至1938年7月,晋察冀军区第三纵队已有6万人规模,另在第一、第三军分区和冀中组织了各种游击武装25支,共3.6万余人。冀南抗日根据地初建后,民众“掀起了参加八路军的热潮”,部队“十几倍、几十倍地增长”。9月23日,贺龙告诉谢觉哉,抗战以来“部队发展人数七、八倍,枪支将十倍”,“华北正规党军15万,收编及帮助组织的12万”。中共是强调党政军民一体的,在这些数字背后,还有如雨后春笋般出现的地方党组织、根据地政权及各类群众组织。
1938年11月上旬,中共六届六中全会闭幕后,根据毛泽东“全党都要注重战争,学习军事,准备打仗”的指示,各级都开始将更多注意力转向“战争”与“军事”上来。因而,1939年军队发展的成绩也颇显著。1940年初,据在八路军总部担任联络员的陈荣楫向国民政府报告:“(八路军)人数在廿七年九月上旬为129387人,步马枪有41140支。至廿八年十一月人数为220245人,步马枪有90222支。”稍后,季米特洛夫也向斯大林报告:“八路军共计261247人,新四军共计30448人,军校为10000人,延安军事机关工作人员为1500人,总计303195人。”军事力量的迅速成长为中共抗日、反顽两线作战提供了力量支撑。

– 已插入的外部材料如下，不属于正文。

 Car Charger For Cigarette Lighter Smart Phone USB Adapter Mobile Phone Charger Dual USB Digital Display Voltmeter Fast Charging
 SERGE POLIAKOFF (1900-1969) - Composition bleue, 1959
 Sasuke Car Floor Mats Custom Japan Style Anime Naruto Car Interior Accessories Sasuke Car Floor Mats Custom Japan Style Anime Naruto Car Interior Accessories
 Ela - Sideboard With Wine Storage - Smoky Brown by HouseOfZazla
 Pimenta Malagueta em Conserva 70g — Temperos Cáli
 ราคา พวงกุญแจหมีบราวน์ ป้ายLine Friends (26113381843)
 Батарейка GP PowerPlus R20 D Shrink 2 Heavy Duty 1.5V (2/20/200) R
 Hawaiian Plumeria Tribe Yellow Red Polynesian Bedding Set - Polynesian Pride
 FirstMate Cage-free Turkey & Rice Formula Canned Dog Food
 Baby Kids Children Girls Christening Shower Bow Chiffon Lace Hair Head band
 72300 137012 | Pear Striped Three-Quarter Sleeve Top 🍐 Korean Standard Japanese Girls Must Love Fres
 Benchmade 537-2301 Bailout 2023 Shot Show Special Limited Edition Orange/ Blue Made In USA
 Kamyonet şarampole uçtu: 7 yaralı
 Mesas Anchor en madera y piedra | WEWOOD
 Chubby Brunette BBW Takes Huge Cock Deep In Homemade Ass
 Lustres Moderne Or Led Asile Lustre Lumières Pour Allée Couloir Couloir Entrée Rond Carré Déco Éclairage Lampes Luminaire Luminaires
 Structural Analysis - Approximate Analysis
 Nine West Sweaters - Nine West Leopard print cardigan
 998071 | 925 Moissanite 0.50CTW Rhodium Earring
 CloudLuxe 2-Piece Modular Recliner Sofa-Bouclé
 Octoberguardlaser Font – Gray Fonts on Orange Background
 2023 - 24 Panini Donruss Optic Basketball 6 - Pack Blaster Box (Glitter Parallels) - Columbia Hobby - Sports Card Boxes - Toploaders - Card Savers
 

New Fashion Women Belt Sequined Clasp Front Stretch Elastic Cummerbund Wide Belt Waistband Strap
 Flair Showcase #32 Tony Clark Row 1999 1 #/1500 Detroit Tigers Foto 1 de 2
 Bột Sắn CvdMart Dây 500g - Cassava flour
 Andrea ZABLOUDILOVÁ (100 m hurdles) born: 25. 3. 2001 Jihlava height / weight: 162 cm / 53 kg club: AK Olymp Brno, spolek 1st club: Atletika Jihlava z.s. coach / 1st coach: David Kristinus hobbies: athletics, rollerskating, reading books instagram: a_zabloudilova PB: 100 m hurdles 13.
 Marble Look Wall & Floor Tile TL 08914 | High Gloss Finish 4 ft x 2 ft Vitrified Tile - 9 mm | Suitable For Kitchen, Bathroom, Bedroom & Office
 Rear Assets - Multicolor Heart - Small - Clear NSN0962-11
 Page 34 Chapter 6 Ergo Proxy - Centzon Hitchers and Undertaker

随着规模不断扩大,中共军队在抗日战场上的“壮气军”角色开始转变。1940年春,中央电告共产国际:“我们的力量得到了加强,党员人数有50万,正规军有35万,其中约60%已武装起来”,“我们在华北的力量超过了中央军,而在华中我们的部队在继续得到加强”。毛泽东更在3月23日政治局会议上表示:“现在我们党的力量可以起半决定作用。”为巩固扩大这种“半决定作用”,中共确立了建成“五十万正规军”的年度目标。7月初,据国民党方面评估,中共全军约468010人,其中八路军312555人,新四军94705人,山西新军60750人。8月3日,中共在给共产国际的报告中正式确认“五十万正规军”已经建成。
有此依托,中共在全国战局中的“实力”地位逐渐增强。1940年9月10日,中央在关于时局的指示中说:“我党过去一年坚决的正确的反摩擦斗争,则给了顽固派的进攻以深重的打击,使他们不得不在事实上(虽然还没有在法律上)承认我党之力量与地位。而我党五十万大军积极行动于敌后(尤其是此次华北百团战役),则给了日寇以深重的打击,给了全国人民以无穷的希望。”同时要求八路军、新四军扩大百团大战范围,在山东及华中发动“大规模的对敌进攻行动”,“给予二百万友军及国民党大后方与敌占区内千百万人民以良好之影响”。至此,中共显然已准备在全国战局中发挥某种决定性的影响了。
1940年8月,就在“五十万大军”成形之际,中共又根据抗战形势需要作出再“扩军三十万”的决定。11日,毛泽东在给彭德怀电中明确指示,“现在不论世界和中国都处在大变化的前夜,我们应集中一切注意力,准备对付这个大变化”,“军队应增加三十万(华中及山东)”。不过,这个新目标在执行中遭遇严重的结构性困境,最终触发建军方略之大转向。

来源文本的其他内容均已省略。